▶ DATA PROVIDED
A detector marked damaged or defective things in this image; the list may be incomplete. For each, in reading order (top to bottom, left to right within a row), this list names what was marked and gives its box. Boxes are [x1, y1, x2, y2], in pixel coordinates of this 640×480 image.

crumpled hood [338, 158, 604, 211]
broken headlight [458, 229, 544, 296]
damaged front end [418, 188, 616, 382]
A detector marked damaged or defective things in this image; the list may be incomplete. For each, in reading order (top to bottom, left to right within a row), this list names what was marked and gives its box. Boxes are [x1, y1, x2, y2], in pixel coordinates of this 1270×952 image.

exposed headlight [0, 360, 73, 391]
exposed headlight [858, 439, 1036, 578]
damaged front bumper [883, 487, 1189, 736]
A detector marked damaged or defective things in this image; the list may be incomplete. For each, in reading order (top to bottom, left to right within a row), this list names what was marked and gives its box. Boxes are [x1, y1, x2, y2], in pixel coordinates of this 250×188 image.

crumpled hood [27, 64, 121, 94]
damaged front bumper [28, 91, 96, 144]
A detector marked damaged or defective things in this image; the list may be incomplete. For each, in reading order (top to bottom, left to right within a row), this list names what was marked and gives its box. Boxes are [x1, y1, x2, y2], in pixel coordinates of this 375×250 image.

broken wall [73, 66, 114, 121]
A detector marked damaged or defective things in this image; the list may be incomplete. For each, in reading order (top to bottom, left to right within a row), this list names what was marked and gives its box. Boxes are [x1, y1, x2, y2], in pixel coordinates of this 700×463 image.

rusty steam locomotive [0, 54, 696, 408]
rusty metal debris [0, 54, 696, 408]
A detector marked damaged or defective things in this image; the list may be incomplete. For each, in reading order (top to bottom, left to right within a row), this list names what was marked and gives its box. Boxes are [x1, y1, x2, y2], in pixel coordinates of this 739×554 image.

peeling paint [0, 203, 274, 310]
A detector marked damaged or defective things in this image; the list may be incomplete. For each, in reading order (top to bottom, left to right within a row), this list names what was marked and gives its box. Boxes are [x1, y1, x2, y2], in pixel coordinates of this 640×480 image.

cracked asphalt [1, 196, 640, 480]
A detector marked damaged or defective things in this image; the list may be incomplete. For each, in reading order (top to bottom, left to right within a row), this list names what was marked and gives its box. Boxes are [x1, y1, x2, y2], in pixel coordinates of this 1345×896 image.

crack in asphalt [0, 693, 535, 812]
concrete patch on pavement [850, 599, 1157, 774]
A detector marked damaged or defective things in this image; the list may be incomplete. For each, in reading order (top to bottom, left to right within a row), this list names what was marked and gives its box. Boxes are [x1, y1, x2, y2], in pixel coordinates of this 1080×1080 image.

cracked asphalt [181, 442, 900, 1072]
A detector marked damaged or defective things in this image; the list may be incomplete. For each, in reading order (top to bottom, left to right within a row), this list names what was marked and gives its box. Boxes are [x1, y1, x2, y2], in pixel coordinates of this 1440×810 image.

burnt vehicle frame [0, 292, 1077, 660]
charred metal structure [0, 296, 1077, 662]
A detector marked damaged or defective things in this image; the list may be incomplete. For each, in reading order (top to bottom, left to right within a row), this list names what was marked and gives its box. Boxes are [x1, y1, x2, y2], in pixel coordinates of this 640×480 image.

▶ ASSIGNED TASK
Lines from the one containing "this 1080×1080 image." through the final line of the material should be set down exactly, and no other lines.

▶ SOLUTION TO THIS TASK
A detector marked damaged or defective things in this image; the list may be incomplete. For each, in reading order (top to bottom, left to right within a row), this list names what was marked and gives its box. Boxes are [x1, y1, x2, y2], in pixel coordinates of this 1080×1080 image.

cracked asphalt [181, 442, 900, 1072]
A detector marked damaged or defective things in this image; the list may be incomplete. For each, in reading order (top to bottom, left to right within a row), this list names what was marked and gives its box. Boxes are [x1, y1, x2, y2], in pixel coordinates of this 1440×810 image.

burnt vehicle frame [0, 292, 1077, 660]
charred metal structure [0, 296, 1077, 662]
A detector marked damaged or defective things in this image; the list may be incomplete. For each, in reading order (top to bottom, left to right within a row), this list names what was marked and gives its box. Boxes are [x1, y1, x2, y2], in pixel coordinates of this 640×480 image.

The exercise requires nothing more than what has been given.